▶ _Goal of the exercise_
From the first line to the last, output the data exactly as it stands, minus its pictures.

▶ _Data below_
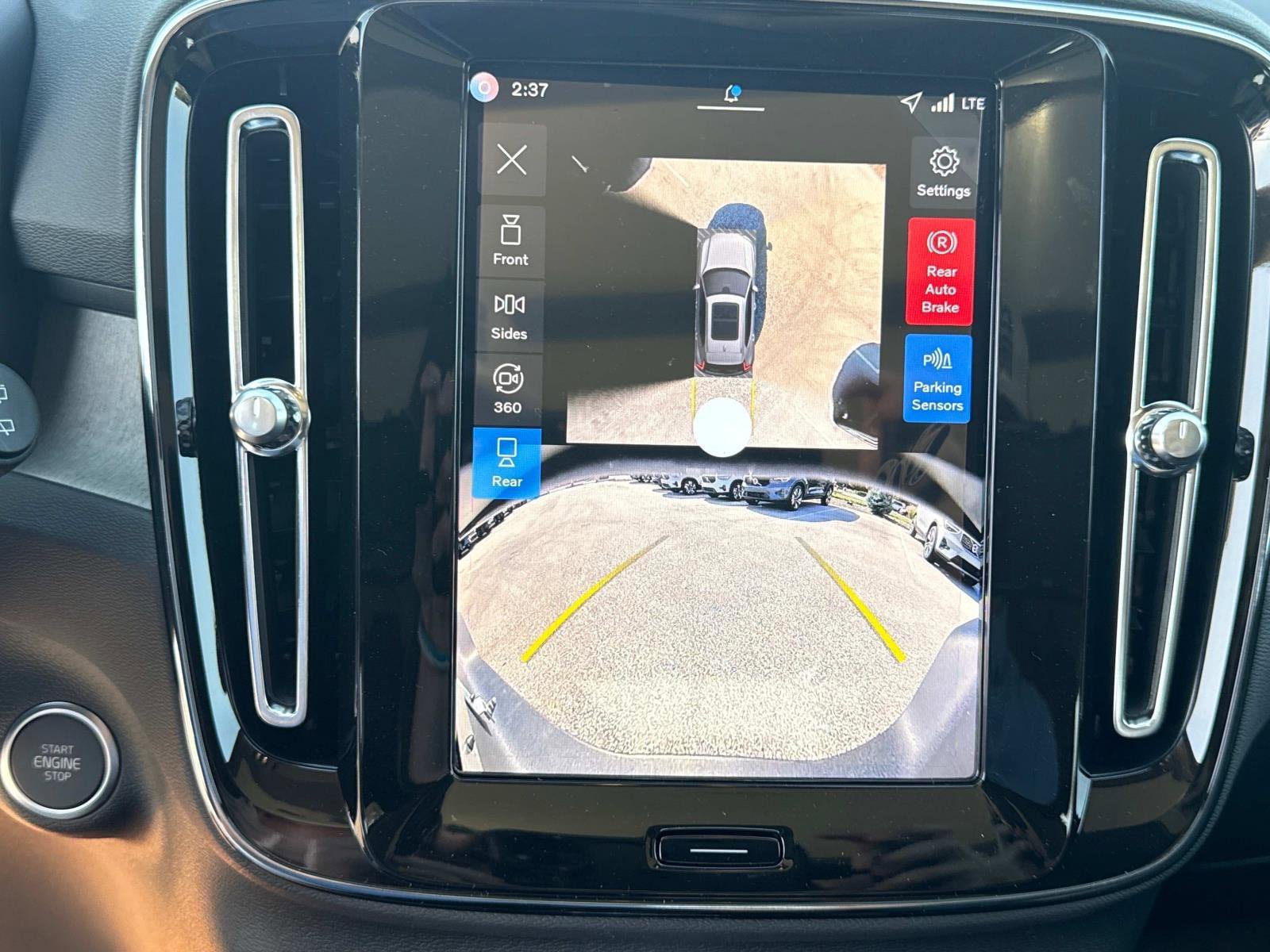 New 2026 Volvo XC40 B5 Plus w/ Climate Package AWD/4WD image 23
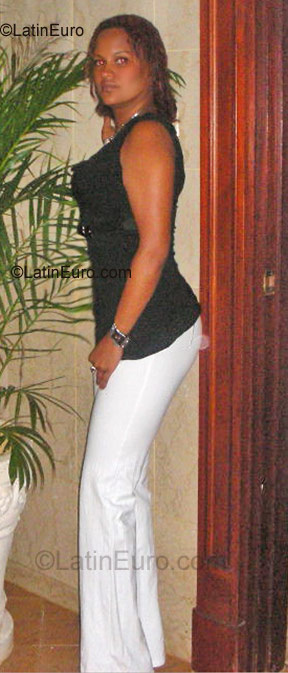 Date this pretty Dominican Republic girl Johanna Adelina from Santo Domingo DO870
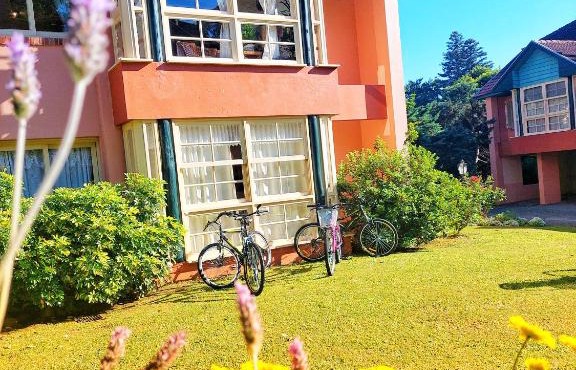 Belíssimo Duplex a 500m Lago Neg 3Q 4bikes Churrasq lareira Ar QF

▶ _Solution below_
 New 2026 Volvo XC40 B5 Plus w/ Climate Package AWD/4WD image 23
 Date this pretty Dominican Republic girl Johanna Adelina from Santo Domingo DO870
 Belíssimo Duplex a 500m Lago Neg 3Q 4bikes Churrasq lareira Ar QF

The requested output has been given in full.